Two more candidates jump into Atlanta City Council District 5 race

Sam Bacote, right, and Doug Williams, left, are the latest candidates to jump into the Atlanta City Council race in District 5. (Photos courtesy Bacote and Williams campaigns)

This story has been updated.

By Patrick Saunders, contributor 

Atlanta, GA — The race to replace Natalyn Archibong on the Atlanta City Council just got more crowded as civic activist Sam Bacote and community organizer Doug Williams jumped into the now-five-person field.

Archibong announced in February that she was leaving the District 5 post to run for Atlanta City Council president. Community organizer Liliana Bakhtiari, sustainability expert Mandy Mahoney and civic activist Katie Kissel jumped into the race, now followed by Bacote and Williams. District 5 includes East Atlanta, East Lake, Edgewood and Kirkwood.

Bacote is the former chairman and CEO of the Fulton Atlanta Land Bank Authority and former chairman of Project Community Connections. He’s the current chairman of the Atlanta Association for Convalescent Aged Persons, treasurer of the Development Authority of Fulton County, vice president of the Glenwood Park Community Association and the chief administrative officer of the national Sigma Pi Phi Fraternity.

Bacote points to that record as one of the reasons he entered the District 5 race.

“With all the things I’ve done with the experience and the knowledge base I think it’s an opportunity for the district to benefit from my experience,” he told Decaturish. “It’s stepping up and being more impactful in a significant way.”

Bacote would focus on economic development in the district if elected, but he said it needs to be done in a balanced way.

“I like the fact of more housing and more people in District 5, I don’t want to slow that down,” he said. “A lot of people say it changes the character of the area. We want to protect the unique identity that is District 5. We need the right kind of growth.”

Bacote also wants to tackle criminal justice reform, saying that a permanent Atlanta Police chief needs to be named and trust needs to be restored in the community.
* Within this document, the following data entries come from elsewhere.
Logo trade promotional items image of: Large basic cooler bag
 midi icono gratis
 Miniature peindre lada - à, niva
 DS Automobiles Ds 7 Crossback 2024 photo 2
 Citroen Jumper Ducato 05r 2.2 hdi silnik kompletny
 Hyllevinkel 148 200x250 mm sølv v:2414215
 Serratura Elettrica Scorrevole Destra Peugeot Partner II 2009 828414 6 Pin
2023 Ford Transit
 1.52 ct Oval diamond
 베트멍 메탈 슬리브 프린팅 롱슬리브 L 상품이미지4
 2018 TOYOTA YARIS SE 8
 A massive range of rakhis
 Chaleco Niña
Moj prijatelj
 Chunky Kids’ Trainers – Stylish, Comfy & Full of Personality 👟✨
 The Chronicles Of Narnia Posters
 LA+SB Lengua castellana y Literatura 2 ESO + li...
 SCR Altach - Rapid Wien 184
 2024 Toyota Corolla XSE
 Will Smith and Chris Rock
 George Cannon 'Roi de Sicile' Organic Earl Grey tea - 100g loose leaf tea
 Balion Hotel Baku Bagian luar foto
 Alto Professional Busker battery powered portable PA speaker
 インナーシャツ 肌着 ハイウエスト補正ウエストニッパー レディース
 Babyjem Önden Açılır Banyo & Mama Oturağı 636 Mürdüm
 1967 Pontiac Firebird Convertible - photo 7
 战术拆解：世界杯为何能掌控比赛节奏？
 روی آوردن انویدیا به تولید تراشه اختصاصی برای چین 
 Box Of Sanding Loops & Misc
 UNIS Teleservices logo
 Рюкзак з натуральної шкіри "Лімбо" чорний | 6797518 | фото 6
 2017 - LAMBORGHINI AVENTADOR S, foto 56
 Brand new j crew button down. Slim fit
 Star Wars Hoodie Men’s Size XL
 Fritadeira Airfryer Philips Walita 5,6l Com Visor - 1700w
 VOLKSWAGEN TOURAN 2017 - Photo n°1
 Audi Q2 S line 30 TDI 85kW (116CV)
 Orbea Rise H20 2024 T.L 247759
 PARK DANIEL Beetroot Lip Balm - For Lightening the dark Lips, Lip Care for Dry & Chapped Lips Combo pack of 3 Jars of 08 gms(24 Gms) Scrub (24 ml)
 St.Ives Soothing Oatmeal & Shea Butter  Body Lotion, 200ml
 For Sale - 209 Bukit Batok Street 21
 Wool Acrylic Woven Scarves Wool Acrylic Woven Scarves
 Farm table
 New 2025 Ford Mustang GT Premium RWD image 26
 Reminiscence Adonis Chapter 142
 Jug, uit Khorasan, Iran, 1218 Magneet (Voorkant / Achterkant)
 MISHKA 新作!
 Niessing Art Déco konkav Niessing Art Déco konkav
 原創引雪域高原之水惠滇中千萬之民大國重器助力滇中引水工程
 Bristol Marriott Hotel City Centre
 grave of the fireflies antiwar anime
Bacote cited the DeKalb County Police shooting and killing Matthew Zadok Williams in his home earlier this month.

“Why are police involved at that point?” he said. “You need some mental health people involved there.”

Bacote said the city needs to find ways to limit the use of police.

“I think we need to get police out of issuing traffic tickets and you do that through cameras — speeding cameras, red light cameras,” he said. “Those are the situations where things turn the wrong way — traffic stops. So let’s find ways to decrease the traffic stops.”

“If the interactions go down, the violent encounters will go down,” he added.

The state passed a law in 2018 that allowed speed-detection cameras in school zones only, with local governments getting a cut of the ticket revenue.

Williams on “making sure the city works for your constituents”

Doug Williams wants to put his experience as a community organizer to work for the people of District 5.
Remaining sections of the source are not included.